Last class, we reviewed the third bracha of Shemoneh Esrai, focusing on the blessing’s theme of holiness. That class also finalized our review of the first set of three blessings praising G-d. Moving forward, we’ll now take a look at the next set of thirteen middle blessings, where we ask G-d to fulfill our personal needs. Before looking in depth at each of the thirteen blessings, I thought it might make sense to first take a look at this next section as a whole.

There’s an immediate question that jumps out when considering these blessings. The middle blessings make up the bulk of the Shemoneh Esrai prayer – if that’s the case, why not begin here? Why do we spend the first three blessings praising G-d? The Talmud in Brachos provides an answer, noting that when we pray we are like a servant approaching his master. Only after we’ve appropriately praised our Master do we feel comfortable asking for a personal supplication. As we begin to transition to these personal requests, we should continue to remember all of the praise we so recently offered.

Although I have described this middle set of brachos as those touching on our personal needs, the blessings aren’t truly just about our own needs. As Rambam notes in his Hilchos Tefillah that these middle blessings include all the needs that human have, both on the individual and communal level.
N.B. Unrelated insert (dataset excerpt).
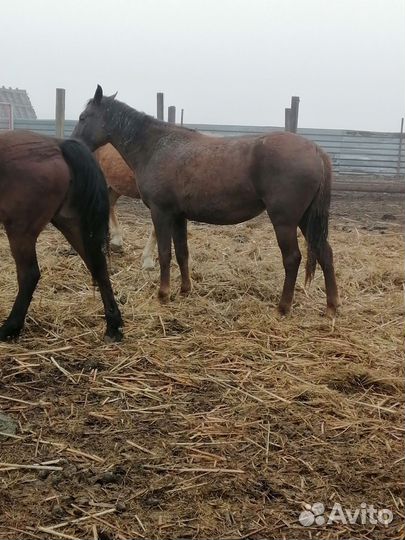 Кобылы с жеребцом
And indeed, these requests for personal needs can either be mundane or spiritual – the level and intent behind the request is solely up to the individual. For instance, when we request greater knowledge, we can do so hoping the knowledge helps us achieve success in business or we can ask for knowledge to help us in our service to G-d. How we choose to view the need determines how powerful the request can truly be. This is not to suggest, of course, that we should refrain from asking for any personal desires. As this class has detailed in the past, prayer offers us an avenue to ask anything of G-d. Rather, we should strive to one day reach the level where our requests are made solely in order to improve our service to G-d.

As Rabbi Yitzchak ben Asher (the Riva) notes, we can also use prayer as a guide post for our priorities in life. He notes that the personal requests in the Shemoneh Esrai are listed in descending order of importance. Our requests for knowledge, repentance, and forgiveness are therefore listed first, as we should remember that these requests should always be on our lips before we ask for material prosperity.
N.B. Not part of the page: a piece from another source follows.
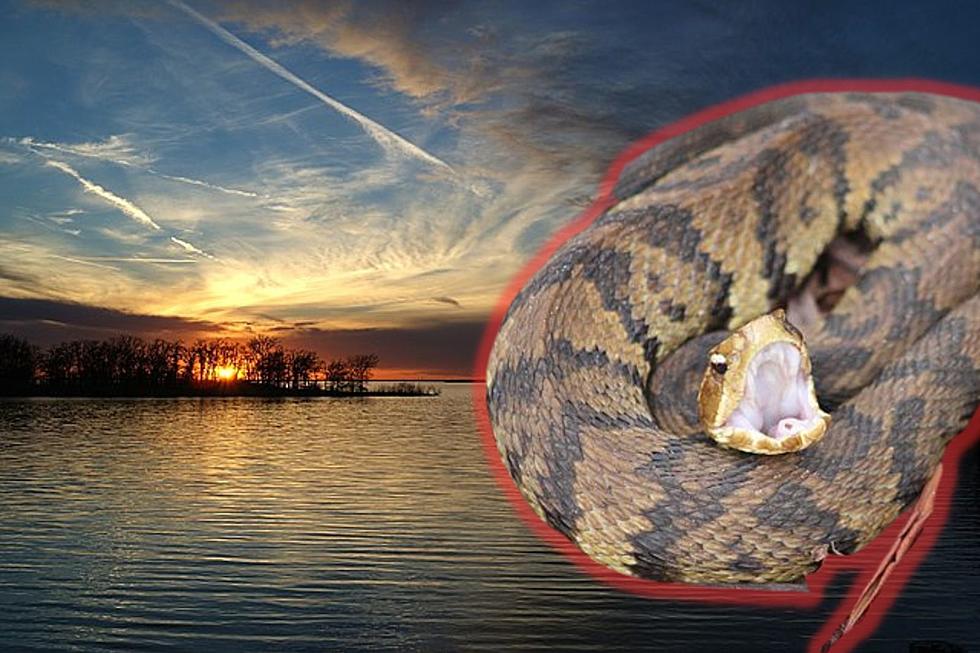 Here are the 10 Most Snake Infested Lakes in Texas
Lastly, there’s one thought I want to leave you with before we turn to our in-depth review of each individual blessing. Rabbi Paysach Krohn offers a wonderful insight into Shemoneh Esrai as a whole, though the lesson is particularly poignant as we begin to turn to our personal requests. Rabbi Krohn points out that the entire prayer is written in the plural – when we ask for knowledge, we ask G-d to “[e]ndow us graciously…”, when we ask for forgiveness we state “[f]orgive us”, and so on and so forth. If we are asking for these requests as an individual, why are we stating them in plural form? The plural form is the key, Rabbi Krohn notes, to having our prayers answered. If we are able to think of others when we pray, to think about who needs healing and who might need more luck at work, we can guarantee that G-d will make sure to think of our own needs.